Hartford's Clark School, closed after PCBs were discovered in the building in December. 2014 The toxic materials were found in new ceiling tiles. (Credit: Ryan Caron King/WNPR)

Hartford’s Clark School, closed after PCBs were discovered in the building in December. 2014 The toxic materials were found in new ceiling tiles. (Credit: Ryan Caron King/WNPR)

 

Toxic Learning Environment


In Episodes 2 and 3, we heard about the toxic effects of PolyChlorinated Biphenyls, or PCBs, deposited by General Electric in the Housatonic River in Western Massachusetts, and the controversy about whether to remediate downstream.
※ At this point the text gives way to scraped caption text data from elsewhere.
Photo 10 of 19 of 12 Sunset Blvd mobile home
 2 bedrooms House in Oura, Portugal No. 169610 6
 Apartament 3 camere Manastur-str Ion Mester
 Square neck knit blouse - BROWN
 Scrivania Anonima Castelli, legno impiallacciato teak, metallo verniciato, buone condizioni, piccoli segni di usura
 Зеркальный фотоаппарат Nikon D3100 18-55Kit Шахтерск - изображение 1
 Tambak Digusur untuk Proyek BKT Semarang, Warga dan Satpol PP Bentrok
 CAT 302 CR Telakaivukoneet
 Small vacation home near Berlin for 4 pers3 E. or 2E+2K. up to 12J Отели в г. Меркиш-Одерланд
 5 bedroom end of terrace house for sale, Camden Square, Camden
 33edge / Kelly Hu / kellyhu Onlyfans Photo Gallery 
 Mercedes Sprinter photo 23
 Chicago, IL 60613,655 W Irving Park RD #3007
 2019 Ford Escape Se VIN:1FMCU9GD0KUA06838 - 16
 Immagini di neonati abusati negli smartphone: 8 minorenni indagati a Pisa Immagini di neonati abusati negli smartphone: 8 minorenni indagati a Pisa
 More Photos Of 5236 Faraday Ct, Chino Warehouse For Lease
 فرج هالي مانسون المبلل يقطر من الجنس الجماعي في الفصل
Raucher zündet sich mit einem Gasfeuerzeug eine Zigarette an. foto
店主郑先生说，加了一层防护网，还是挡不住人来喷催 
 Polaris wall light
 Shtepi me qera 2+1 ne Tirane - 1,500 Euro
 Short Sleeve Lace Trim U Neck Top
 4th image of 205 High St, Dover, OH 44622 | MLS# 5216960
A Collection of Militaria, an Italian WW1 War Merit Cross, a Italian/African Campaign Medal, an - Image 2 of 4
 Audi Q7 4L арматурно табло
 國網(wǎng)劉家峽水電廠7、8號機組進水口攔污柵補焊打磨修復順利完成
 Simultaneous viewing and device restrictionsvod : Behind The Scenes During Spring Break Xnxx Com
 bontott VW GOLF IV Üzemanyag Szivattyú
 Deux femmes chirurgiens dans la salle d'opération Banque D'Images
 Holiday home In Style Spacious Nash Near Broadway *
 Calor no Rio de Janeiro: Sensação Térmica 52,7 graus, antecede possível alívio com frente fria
But in many other places where PCBs were used, there’s no mandate to even test for the toxin, even in places where it could likely be affecting children — like schools. PCBs were widely used in caulk around windows and lighting fixtures between 1950 and 1979, when many of our nation’s school buildings were built.

Recent research indicates that as many as 26,000 schools across the country could be contaminated, and this month Senator Ed Markey of Massachusetts sounded the alarm with a new report.

Our guests are education reporter David DesRoches, who has covered the issue for WNPR and Reveal from the Center for Investigative Reporting;  Dr. Robert Herrick of Harvard’s TH Chan School of Public Health, whose study was cited in Senator Markey’s report; and Melanie Benesh, legislative attorney at the Environmental Working Group.

Flora and Fauna

Look at a map of New England, and you’ll see lots of forest habitat. But a growing challenge for wildlife is that this habitat is increasingly fractured. As we’ve built up roads and housing developments, crossing between key forest areas — such as from the Adirondacks to the Green Mountains — can be a dangerous trip for a moose or a bear.

Massachusetts has identified key potential crossing areas to focus on. (Credit: The Nature Conservancy)

Massachusetts has identified key potential crossing areas to focus on. (Credit: The Nature Conservancy)

To tackle this challenge, New England and eastern Canadian provinces have banded together to preserve what they’ve identified as 9 key critical pathways in the region.
Six out of nine of those linkage areas happen to fall in Vermont. As Vermont Public Radio’s Kathleen Masterson reports,  part of the project involves studying just how animals cross the road. Read Kathleen’s reporting.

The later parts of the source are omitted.